Atlas Lithium Corp. (NASAQ:ATLX)
Class Period: March 25, 2022 - May 3, 2023
Deadline: August 1, 2023
For more info: www.bgandg.com/atlx
The Complaint alleges that, throughout the Class Period, Defendants made materially false and misleading statements regarding the Company's business, operations, and prospects. Specifically, Defendants made false and/or misleading statements and/or failed to disclose that: (i) the Company overstated the success of its lithium mining and misrepresented the nature of its Brazilian mineral rights; (ii) in connection with these misrepresentations, Atlas Lithium conducted deceptive promotions to artificially inflate the value of the Company's stock; (iii) the foregoing conduct was designed to allow CEO Fogassa and other Company insiders to sell shares back into the market for a profit before the true nature of Atlas Lithium's business was revealed; and (iv) as a result, Defendants' public statements were materially false and/or misleading at all relevant times.

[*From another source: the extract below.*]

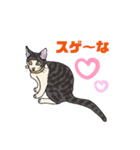 ねこねこフェスタ（応援バージョン）（個別スタンプ：6）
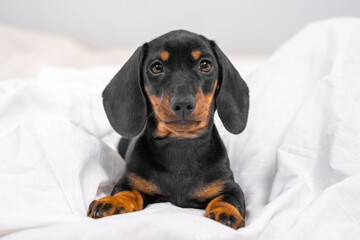 Obedient cute black and tan dachshund puppy sitting on white blanket and touching gaze looks straight in bedroom. Gentle portrait of baby dog.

Tingo Group, Inc. (NASDAQ:TIO)
Class Period: December 1, 2022 - June 6, 2023
Deadline: August 7, 2023
For more info: www.bgandg.com/tio
The complaint alleges that throughout the Class Period, Defendants made materially false and/or misleading statements, as well as failed to disclose material adverse facts about the Company's business, operations, and prospects. Specifically, Defendants failed to disclose to investors: (1) that Defendant Mmobuosi fabricated biographical claims about himself; (2) that Tingo had photoshopped its logo onto pictures of airplanes it did not own; (3) that Tingo inflated its food division margins; (4) that Tingo published misleading images of its planned Nigerian food processing facility and overstated its progress on the facility's construction; (5) that Tingo inflated its food inventory; (6) that Tingo did not have relationships with the two farming cooperatives it claimed; (7) that Tingo did not generate $128 million in revenue for its handset leasing, call and data segments as it claimed; (8) that Tingo's Mobile operation in Nigeria was delinquent on its tax obligations; (9) that Tingo photoshopped its logo over pictures from a different point of sale system operator's website; (10) that Tingo did not generate $125.3 million in revenue from NWASSA; (11) that Tingo's agricultural export business was not on track to deliver $1.34 billion in exports by Q3 2023; (12) that Tingo lacked effective controls over accounting and financial reporting; and (13) that, as a result of the foregoing, Defendants' positive statements about the Company's business, operations, and prospects were materially misleading and/or lacked a reasonable basis.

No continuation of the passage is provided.